Seasons Change

lately, i’ve been sitting with this quiet realization that i don’t think i fully understood before… God is in every season. not just the ones that feel light and full and easy to recognize as “good,” but the ones that feel slow, hidden, painful, and unfamiliar too. the ones that don’t look like what i expected and don’t feel like what i was used to. the ones where everything feels quieter than before, and i’m left wondering why things don’t feel the same.

i think for a long time, i connected God’s presence to how a season felt. if things felt clear, peaceful, and full of life, then i assumed God was near, speaking, moving. but when things started to feel uncertain, when prayers felt quieter, when life didn’t feel as full or as obvious… i didn’t always say it out loud, but part of me wondered if something had shifted between me and Him. like maybe i had done something wrong, or maybe i wasn’t hearing Him the way i used to.

but i’m starting to realize that God doesn’t rotate in and out of my life depending on how i feel. He doesn’t come closer in the good seasons and disappear in the hard ones.
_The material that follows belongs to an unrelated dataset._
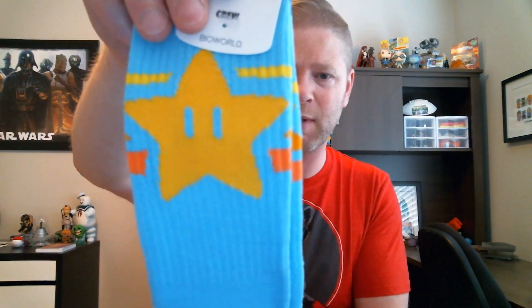I wish I knew more about Dragon Ball — all I know is it's over 9,000. Now we're gonna move on to what everybody really digs. Oh boy — Super Mario action, invincibility star socks! These are awesome, really really cool. They're a nice thick crew sock too, very comfy.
He is constant. steady. present. the same God who met me in joy is the same God sitting with me in uncertainty. the same God who spoke clearly in one season is still speaking now… even if i’m learning how to hear Him differently. and if i’m being honest, i don’t think the hardest part of this season is that God feels distant. i think the hardest part is that things have changed… and i didn’t want them to. there were parts of my last season that i loved, parts that felt safe and familiar and full. i got comfortable there. i built expectations there. i quietly assumed it would last longer than it did.

so when things started shifting, i didn’t fully let go. i told myself i was “adjusting,” but really… i was holding on. holding on to what used to feel right, hoping it would somehow feel that way again. but it hasn’t. and that’s been confusing. because i’ve found myself asking, “why does this feel so off?” “why doesn’t this feel like it used to?” and “why does something that once felt so life-giving now feel so heavy?” and i’m starting to see that maybe the discomfort isn’t because God is absent. maybe it’s because i’ve been trying to stay in a season He already completed. maybe i’ve been holding onto something that was only meant for a specific time, and now that time has passed… but i haven’t fully accepted it yet.

it’s like being dressed for summer when it’s clearly winter now. standing there in what used to feel right, but now it just feels out of place. and instead of adjusting, instead of putting on what this new season requires, i’ve been standing there frustrated, wondering why it doesn’t feel good anymore, wondering why i feel uncomfortable in something that once fit so naturally and i think deep down, i’ve known. i’ve felt the shift. i’ve sensed that something is different. but acknowledging it means letting go, and letting go is hard when something meant so much to you. it’s hard to release what once felt like home. it’s hard to trust that just because something ended doesn’t mean something is wrong.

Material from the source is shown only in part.